The UK should aim to cut its greenhouse gas emissions to net zero by 2050, according to its chief advisory committee on climate change.
If adopted, the target proposed in a report by the Committee on Climate Change (CCC) would be the most ambitious emissions reduction goal set by any large economy.
Net zero means that any emissions are balanced by an equivalent amount taken from the atmosphere.
The UK government doesn’t have to act on the findings, but it commissioned the report after the UN Intergovernmental Panel on Climate Change (IPCC) warned last year that the world has less than 12 years to slash emissions and avoid disastrous levels of global warming. The IPCC says global greenhouse gas emissions need to reach net zero around 2050.
The CCC says the new target is “necessary, feasible and cost-effective” but that it requires drastic action, including phasing out petrol and diesel vehicles completely by 2035, planting 30,000 hectares of trees each year and cutting beef, lamb and dairy consumption by 20% by 2050.
At a briefing ahead of the report launch, Lord Deben, CCC chairman and former secretary of state for the environment, said, “This net-zero target puts us at the top of the pile. We say to the government: this can be done, you have the proof, but it won’t happen unless you take the lead.”
It comes a day after the UK parliament declared “an environment and climate emergency,” making it the first country in the world to do so, according to the opposition Labour Party.
Combat climate change by cutting beef and lamb production
To achieve the net-zero target tens of billions of pounds will need to be invested in renewable energy, electric vehicles, capturing and storing carbon emissions, and planting trees, according to the CCC.
Currently the UK has a target of curbing greenhouse gas emissions by 80% by 2050, compared to 1990 levels. Emissions had fallen by 42% in 2016.
The CCC report suggests a 2045 target for Scotland as the country has “greater potential to remove pollution from its economy” and said Wales should aim for a 95% emissions reduction by 2050 due to its large sheep farming industry.
Following the release of the report, First Minister Nicola Sturgeon said Scotland would commit to the new target and continue its “global leadership in tackling climate change.”
The new target encompasses all greenhouse gas emissions, including those from international aviation and shipping – two industries that do not fall under the 2015 Paris climate agreement, which calls on countries to reduce their carbon output and halt global warming below 2 degrees Celsius by the end of the century.
Costs to reach the 2050 goal will total 1-2 percent of gross domestic product (GDP) per year, the same amount estimated for the current target, the report said.

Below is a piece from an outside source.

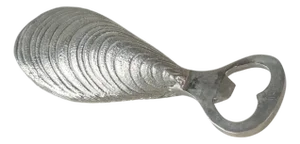 Mid-Century Modern Mussel Shaped Bottle Opener, 1940s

The recommendations come as climate activism is sweeping the globe. In March, hundreds of thousands of schoolchildren walked out of class to protest their governments’ failure to curb emissions.
Last month, Extinction Rebellion activists glued themselves to trains and blocked major landmarks in London to demand climate action.
Extinction Rebellion activist Rupert Read told CNN that the 2050 target would not mitigate the long-term impacts of climate change and that the UK should aim to eliminate emissions by 2025.
“We [the UK] started the industrial revolution. We started the path that has lead us to this precipice. We have a responsibility to help lead a common way out of this looming catastrophe,” he said.
More than half of British adults, 54%, believe that “climate change threatens our extinction as a species,” according to a ComRes poll of 2,037 Great Britain adults online on 26-28 April 2019. Data were weighted to be representative of all adults.
Fish are disappearing because of climate change
Professor Jim Watson, director of the UK Energy Research Centre, said that a net zero UK economy is “technically achievable” but that it relies on the treasury monitoring “emissions as closely as we monitor GDP growth and employment.”
He added that a zero emissions strategy should provide “the right incentives for businesses and have justice at its heart.”
Mark Maslin, professor of climatology at University College London, said that the 2050 target is “too far in the future.”
“As one of the leading countries in the fight against climate change, Britain must adopt a 2030 zero-carbon target, giving us 10 years to put in place win-win solutions that reduce carbon emissions, save money and make Britain a better, cleaner place to live,” he said.
In its motion to Parliament on Wednesday to declare a climate emergency, the Labour Party called for the government to achieve net zero emissions before 2050, while the UK Green Party has said it wants to achieve net zero by 2030.